WHAT YOU WILL DO ▸
Transcribe the lines below exactly, beginning with the line that holds "Casual dining room" and ending with the final line, both included. Pictures are to be left out.

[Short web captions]
= Beginning of Section =

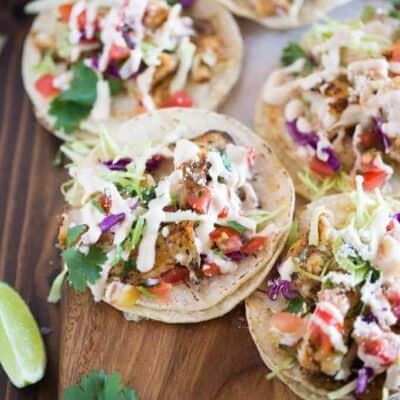 Fish tacos served on white corn tortillas and piled with toppings including cabbage, cilantro, pico de gallo and a white sauce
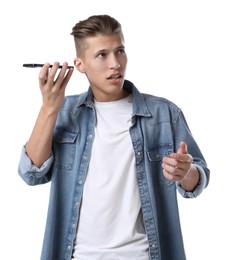 Young man with smartphone listening to voice message on white background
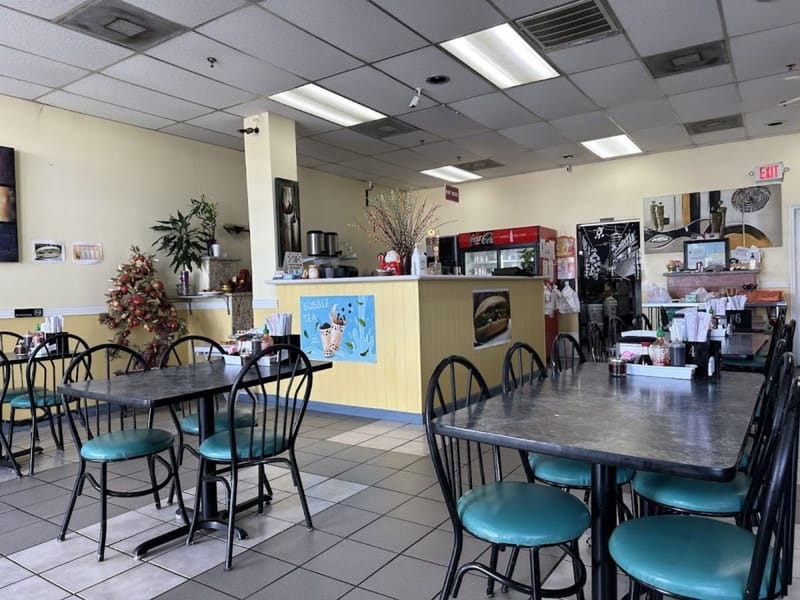 Casual dining room at Pho Luc Lac in Spring Branch, with teal-cushioned chairs, a yellow service counter, and a bubble tea sign.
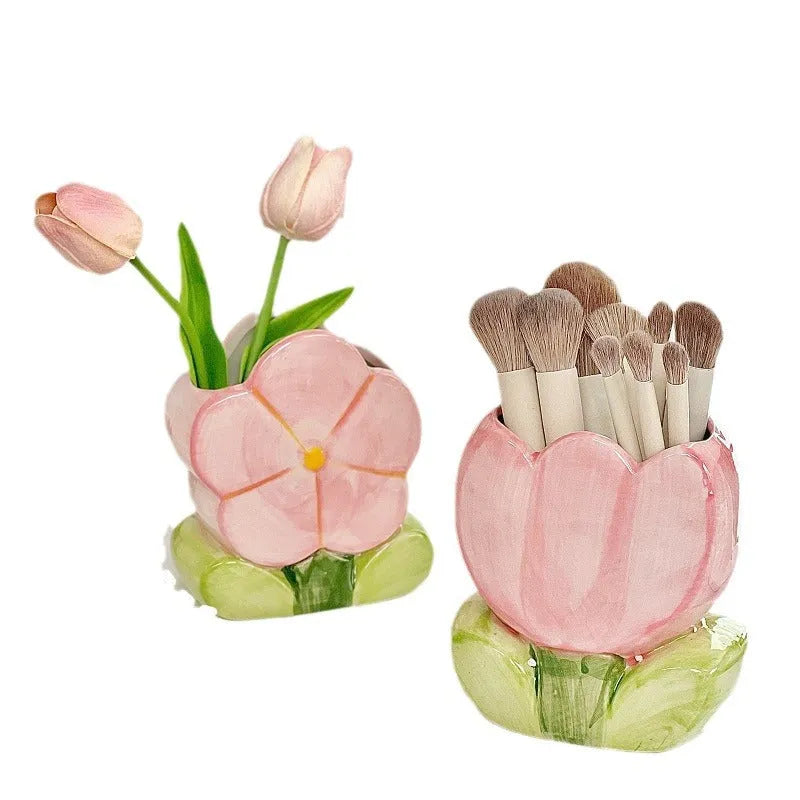 Ceramic floral pen holder storage box with pink tulip design on desktop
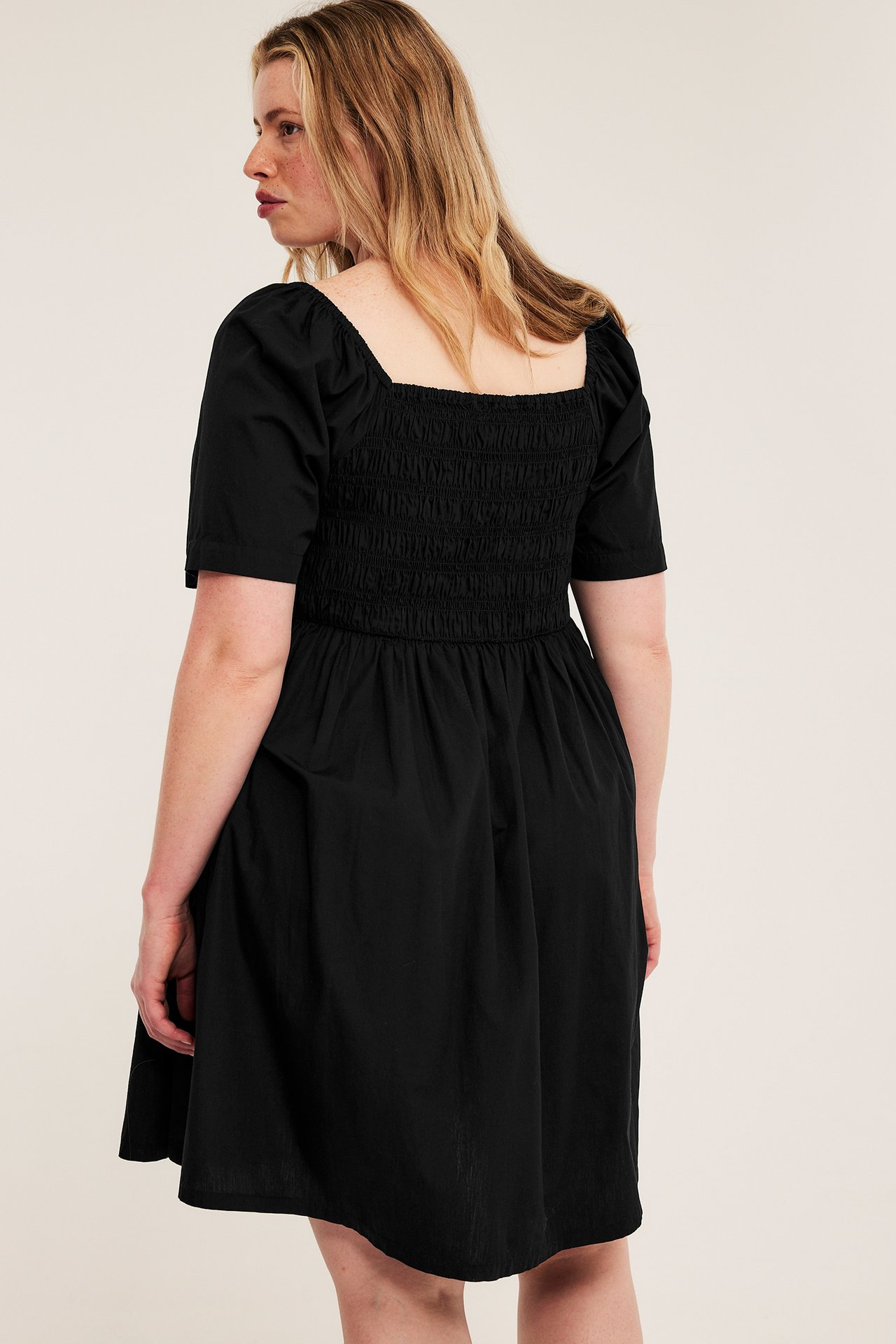 Baksidan av en kvinna i svart poplinklänning med smockat livstycke, fyrkantig ringning och puffärmar.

= End of Section =

WRITTEN SOLUTION ▸
 Casual dining room at Pho Luc Lac in Spring Branch, with teal-cushioned chairs, a yellow service counter, and a bubble tea sign.
 Ceramic floral pen holder storage box with pink tulip design on desktop
 Baksidan av en kvinna i svart poplinklänning med smockat livstycke, fyrkantig ringning och puffärmar.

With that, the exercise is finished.